Ces événements ont conduit à un renforcement des mesures de sécurité, incluant des contrôles stricts sur les itinéraires des caravanes et des fouilles pour désamorcer toute tentative d’escalade.

La campagne a été endeuillée par la disparition de plusieurs figures marquantes : Modou Tall et Serigne Mbacké Thiam, militants de PASTEF, sont décédés après un accident de convoi à Darou Nahim, laissant leurs camarades dans la douleur. Le décès de l’ancien ministre des Finances, Mouhammadou Moustapha Ba, a également marqué une pause dans la campagne. Plusieurs coalitions, dont « JÀMM AK NJARIÑ », ALSAR et l’inter-coalition « Takku Wallu », ont suspendu leurs activités pour lui rendre hommage.

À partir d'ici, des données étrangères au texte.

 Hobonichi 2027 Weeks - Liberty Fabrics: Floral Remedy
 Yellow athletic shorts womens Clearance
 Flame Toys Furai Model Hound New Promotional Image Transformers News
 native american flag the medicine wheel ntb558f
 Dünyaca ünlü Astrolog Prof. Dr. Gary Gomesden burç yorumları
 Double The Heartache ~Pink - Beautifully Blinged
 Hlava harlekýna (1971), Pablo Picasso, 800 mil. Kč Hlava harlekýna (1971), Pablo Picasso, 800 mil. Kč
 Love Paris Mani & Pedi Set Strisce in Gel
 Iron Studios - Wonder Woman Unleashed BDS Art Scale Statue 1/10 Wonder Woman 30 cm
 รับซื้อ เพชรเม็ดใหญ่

Une campagne sous le prisme des controverses

Les propos tenus par certains candidats ont suscité des débats enflammés : Abass Fall, après avoir appelé ses militants à se munir d’armes, a dû s’excuser publiquement. De même, Ousmane Sonko, après l’attaque au marché de Sor à Saint-Louis, avec un discours musclé, a invité ses partisans à « se venger » des violences commises sur ses militants par des partisans de Barthélémy Dias, le maire de Dakar. Finalement, Ousmane Sonko a lancé un appel au calme et au dépassement. Ces déclarations ont alimenté une polémique sur la responsabilité des leaders dans la gestion des émotions de leurs partisans.

Figures émergentes et surprises

Certains acteurs ont marqué les esprits et captivé l’attention du public :

Bougane Gueye Dany, leader de Gueum Sa Bopp, a démarré sa campagne en détention après une arrestation controversée. Relaxé par la justice, il a repris sa tournée, transformant cette épreuve en un symbole de lutte.

Pape Tahirou Sarr, tête de liste de la coalition Les Nationalistes « Jel Linu Moom », a choqué en ciblant les étrangers dans ses discours. En réponse, Ousmane Sonko a clarifié sa position, distinguant le patriotisme du nationalisme exacerbé, et plaidant pour un Sénégal ouvert et inclusif.

Ameth Diallo, tête de liste de la coalition « Gox Yu Bess », a également fait sensation pour sa première campagne. Porté par une équipe majoritairement composée de jeunes, il a su captiver les électeurs, en particulier ceux en quête de renouvellement politique, et a réalisé une percée notable.

Aliou Cissé, maire de Mabo et tête de liste départementale de la coalition « Farlu », est devenu une révélation après avoir été blessé au visage par un jet de pierre lors d’une cérémonie sportive. Son incident a propulsé sa popularité sur les réseaux sociaux.

Macky Sall : la campagne à distance

L’ancien président Macky Sall, tête de liste de « Takku Wallu Sénégal », a marqué cette campagne par sa présence virtuelle. Installé au Maroc, il a mené sa campagne via des appels et des messages sur les réseaux sociaux, suscitant des réactions mitigées.

Malgré les turbulences, la campagne électorale a témoigné d’un dynamisme démocratique intense. Avec 41 coalitions et listes en lice, les électeurs sont invités à faire un choix crucial pour l’avenir du pays. Dimanche, les urnes parleront et mettront un point final à cette période marquée par une effervescence rare dans l’histoire politique du Sénégal.